Tormented by heat and thirst, by the constant raiding from the Syracusans and
their allies on land, finally the remaining Athenians come to a small river,
the Assinarus. And if you can picture it, the river is
here. There's a height on the other side.
And the Athenians are so desperate to get to the water that they sort of trample
each other. Whereas from the height on the other side,
the Syracusans are raining down arrows and missles, and the Athenians, so tormented
by thirst, keep going to the water. As fouled as it was by mud and blood and
filth. Demosthenes and Nikkius are killed.
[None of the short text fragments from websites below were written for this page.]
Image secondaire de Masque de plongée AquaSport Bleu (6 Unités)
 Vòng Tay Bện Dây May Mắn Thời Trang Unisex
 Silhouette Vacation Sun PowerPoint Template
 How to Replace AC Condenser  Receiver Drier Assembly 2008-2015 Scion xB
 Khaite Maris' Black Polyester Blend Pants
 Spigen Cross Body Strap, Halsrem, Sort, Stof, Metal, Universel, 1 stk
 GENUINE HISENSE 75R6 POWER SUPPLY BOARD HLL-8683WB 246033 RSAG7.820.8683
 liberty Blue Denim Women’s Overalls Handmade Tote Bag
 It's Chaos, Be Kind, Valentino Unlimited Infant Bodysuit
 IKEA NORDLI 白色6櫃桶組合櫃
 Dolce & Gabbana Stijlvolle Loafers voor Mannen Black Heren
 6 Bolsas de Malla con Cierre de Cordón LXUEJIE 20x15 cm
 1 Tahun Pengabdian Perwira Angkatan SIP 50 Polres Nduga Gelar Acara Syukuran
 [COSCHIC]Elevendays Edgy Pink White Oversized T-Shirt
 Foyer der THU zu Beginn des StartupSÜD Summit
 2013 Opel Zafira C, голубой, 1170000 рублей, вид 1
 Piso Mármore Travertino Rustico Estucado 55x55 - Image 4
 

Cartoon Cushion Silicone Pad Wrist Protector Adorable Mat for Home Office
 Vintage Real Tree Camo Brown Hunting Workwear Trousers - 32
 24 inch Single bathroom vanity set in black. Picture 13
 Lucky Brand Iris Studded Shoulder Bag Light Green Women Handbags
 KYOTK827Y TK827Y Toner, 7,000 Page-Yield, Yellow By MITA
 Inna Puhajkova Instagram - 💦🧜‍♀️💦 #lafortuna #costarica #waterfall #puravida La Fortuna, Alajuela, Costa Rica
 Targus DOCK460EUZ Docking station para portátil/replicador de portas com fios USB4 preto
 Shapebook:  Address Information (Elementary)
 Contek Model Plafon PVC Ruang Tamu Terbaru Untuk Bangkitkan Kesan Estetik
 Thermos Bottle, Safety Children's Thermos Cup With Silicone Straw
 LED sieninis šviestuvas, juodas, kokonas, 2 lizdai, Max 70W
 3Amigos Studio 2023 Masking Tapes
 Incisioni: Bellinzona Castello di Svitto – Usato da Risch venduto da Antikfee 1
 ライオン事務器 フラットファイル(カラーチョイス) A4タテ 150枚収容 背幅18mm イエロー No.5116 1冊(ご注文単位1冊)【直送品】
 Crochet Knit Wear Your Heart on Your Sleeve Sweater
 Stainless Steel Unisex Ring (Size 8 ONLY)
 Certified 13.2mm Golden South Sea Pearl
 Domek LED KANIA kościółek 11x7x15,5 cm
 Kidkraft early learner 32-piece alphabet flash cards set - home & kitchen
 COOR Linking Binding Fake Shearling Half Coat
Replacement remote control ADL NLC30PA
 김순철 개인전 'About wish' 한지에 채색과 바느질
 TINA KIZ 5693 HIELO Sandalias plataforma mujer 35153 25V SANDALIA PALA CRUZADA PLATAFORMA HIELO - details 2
The remaining Atheniana are captures and put in to work in the quarries in
Syracuse. They're enslaved.
This, according to Thucydides, was the greatest Hellenic achievement of this war
or any other. At once most glorious to the victors, most
calamitous to the conquered. They were beaten at all points and all
together; all that they suffered was great.
They were destroyed as the saying goes, with the total destruction.
Their fleet, their army, everything was destroyed and few of the many returned
home. Such were the events in Sicily.
Immediately thereafter, There were, there was a flurry of revolts among the allies.
And there was political upheaval at Athens.
And we'll see what happens next in our next lecture.